5.       Worth and Dubuque: In the northwest corner of the campaign theatre, Worth (also known as Lead Hill at the time) has been moved to the main road and Dubuque has been added to the map.

6.       Flippin Barrens and Newton Flat: Flippin was an early settlement in Marion County to the west of Talbot Ferry. It has been added to the map with Newton Flat, a settlement that was on the flats to the north along the west bank of the White River.

7.       Tomahawk – Rolling Plains Road: This road has been added to provide more strategic options and problems in the campaign.

8.       Mt. Pleasant: Mt. Pleasant has been slightly moved to the junction of roads leading to Yellville, Carrollton and Dover.

9.       Forest Home: Has been moved slightly east to a road junction.

10.   Rand’s Ford: The name Rand’s Ford has been given to the crossing of the Buffalo Fork of White River just west of Big Creek, so it could become a tactical map in the simulation.

11.   Harriet: The name Harriet was given to the junction of roads leading to Locust Grove, Lebanon and Wiley’s Cove.

12.   Lebanon: Lebanon has been shifted slightly northeast to where Bear Creek joins Buffalo Fork.

13.   Mt. Olive – Wild Haws Road: The roads from Athens to Wild Haws and Mt. Olive to Rocky Bayou were adjusted to make a Mt. Olive – Wild Haws Road via Rocky Bayou.

14.   Railroad: The railroad was removed on the campaign map.

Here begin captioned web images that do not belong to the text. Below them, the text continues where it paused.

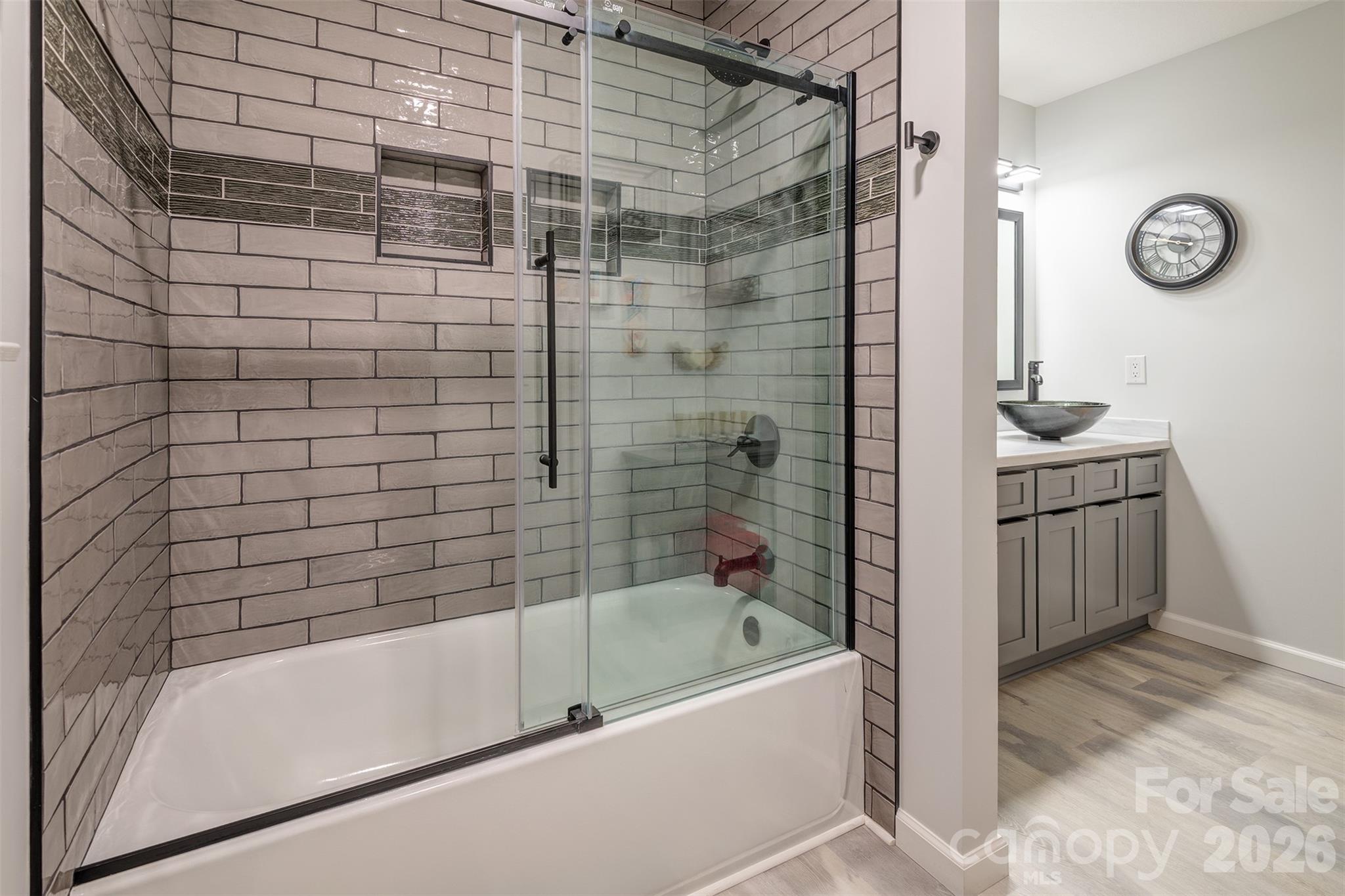 3 Sunningdale Drive — Flat Rock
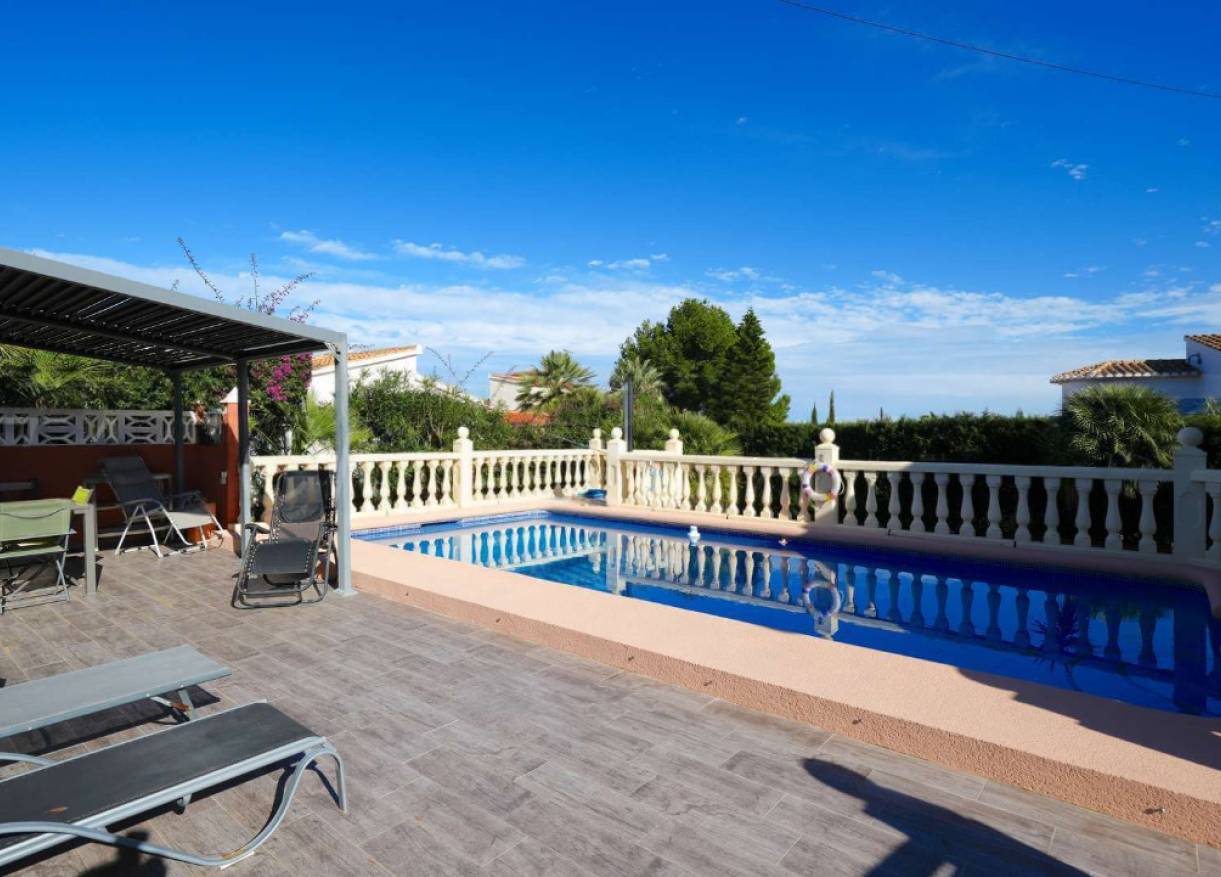 Bestaand - Villa - Denia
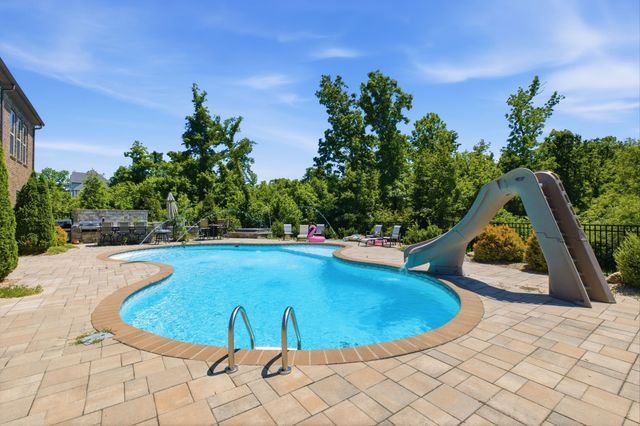 1417 Fairview Dr, Mount Juliet, TN 37122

THE OZARKS CAMPAIGN Command Simulation Map:



























21 May 2014

The Ozarks Campaign Map and Objectives

THE WAR IN ARKANSAS IV: THE OZARKS CAMPAIGN tentatively has nine objectives. Each will be worth one point each. At the end of each day of the campaign, points will be awarded for control of objectives. No points will be awarded for objectives that are unoccupied or contested.

The objectives are:

1. Athens: A town in Izard County that sometimes served as county seat.
2. Dubuque: A town that is the key crossing of the White River in the northern part of the campaign theatre. Dubuque was the end of the navigable portion of the river. The location of smelting works for the production of ammunition.
3. Lebanon: The county seat of Searcy County.
4. Locust Grove: A key intersection in the southern part of the campaign theatre.
5. Mt. Olive: The county seat of Izard County and a crossing of the White River.
6. North Fork: A town in Izard County.
7. Rand's Ford (fictional name for a historical crossing): A crossing of the Buffalo Fork of the White River.
8. Talbot's Ferry: A key crossing of the White River in Marion County and a location of salt peter caves for the manufacture of gun powder.
9. Yellville: The County Seat of Marion County.

The Army of the Arkansas will trace its supply line into Missouri via Franklin. The Department of the Eastern Frontier will trace its supply line back to Fort Smith via Forest Home.